Héroe por ley

¿Sabe quién fue el mayor Luis Alberto García Rojas?. Probablemente, no, pero pronto lo sabrá.

García Rojas fue piloto de helicóptero, que realizaba un vuelo de reconocimiento sobre la zona bélica durante la “guerra del Cenepa” contra Ecuador en 1995 cuando fue derribado por fuego ecuatoriano. La aeronave se precipitó hacia tierra muriendo todos los ocupantes.

En 2006, a finales del gobierno de Alejandro Toledo, la viuda del militar muerto consiguió que la Comisión Permanente del Congreso aprobase una ley declarando “héroe” a su marido y ordenando trasladar los restos del fallecido a la “Cripta de los Héroes”, creada en 1906 dentro del Cementerio Presbítero Maestro en Lima, donde reposan los restos del almirante Miguel Grau, el coronel Francisco Bolognesi, el mariscal Andrés Avelino Cáceres, el coronel Alfonso Ugarte y otros héroes y caídos durante la guerra contra Chile, entre 1879 y 1883. El último entierro allí fue realizado en 1961.
              
Desde 1997 el Ministerio de Defensa tiene un ente de “calificación de acciones heroicas”, que nunca ha calificado de héroe nacional a nadie. En 2006 no se le consultó sobre el caso García Rojas, por lo cual hasta 2015 ese ministerio se opuso al traslado de los restos del militar a la “Cripta de los Héroes”. La viuda recurrió al Poder Judicial y una acción de cumplimiento ordenó el traslado. El gobierno de Ollanta Humala iba a cumplir la resolución judicial este año, pero reculó. El caso se mediatizó y suscitó opiniones diversas.
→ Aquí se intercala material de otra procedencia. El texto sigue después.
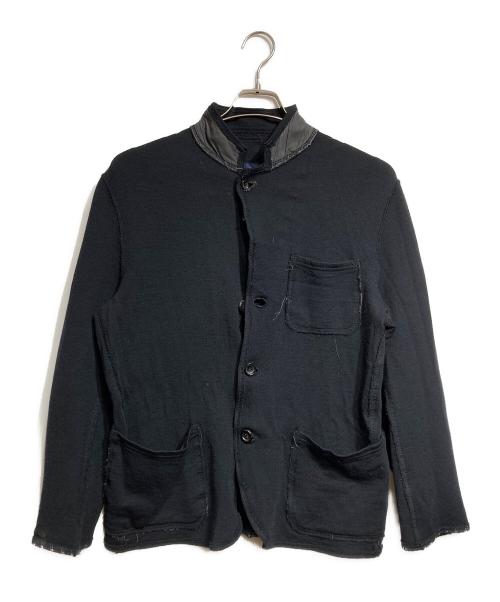 COMME des GARCONS HOMME（コムデギャルソン オム）COMME des GARCONS HOMME (コムデギャルソン オム) インサイドアウトニットジャケット/Inside-Out Knit Jacket ブラック サイズ:Sの古着・服飾アイテム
¿Los héroes nacionales se declaran por ley?. No lo creo. ¿Todo caído en armas es un héroe?. No necesariamente. ¿García Rojas merece descansar en la “Cripta de los Héroes”?. No más que héroes reconocidos como José Abelardo Quiñones (aviador muerto durante la guerra contra Ecuador en 1941), Alipio Ponce (capitán de la extinta Guardia Civil, también muerto durante la guerra contra Ecuador en 1941) o Daniel Alcides Carrión (médico y científico, inmolado en 1885), los numerosos militares y policías caídos en acción o ilustres civiles muertos por el terrorismo de Sendero Luminoso y el Movimiento Revolucionario Túpac Amaru (MRTA) durante las décadas de 1980 y 1990 o, incluso, el coronel Juan Valer, el único militar muerto de los comandos de la operación de rescate “Chavín de Huántar” en 1997. Nadie pidió la sepultura en la “Cripta de los Héroes” para ellos.
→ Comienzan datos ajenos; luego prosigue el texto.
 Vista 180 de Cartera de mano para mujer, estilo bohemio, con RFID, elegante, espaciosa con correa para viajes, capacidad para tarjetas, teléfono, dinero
Sin embargo, salvo la inscripción afuera del mausoleo “La nación a sus defensores en la guerra de 1879”, legalmente, la “Cripta de los Héroes” no es exclusiva de los combatientes de la guerra contra Chile. Considerando que hay una resolución judicial ordenando cumplir la ley aprobada en 2006, el nuevo Gobierno nacional ha dispuesto el traslado de los restos de García Rojas, el Ministro de Defensa se ha “disculpado” públicamente con la viuda a nombre del Estado y la ceremonia fúnebre que se realizaría a inicios del próximo año será encabezada por el Presidente de la República.

Quizá se ha “hecho justicia” a García Rojas, pero una justicia con sabor a demagogia parlamentaria, ineptitud burocrática e injusticia histórica.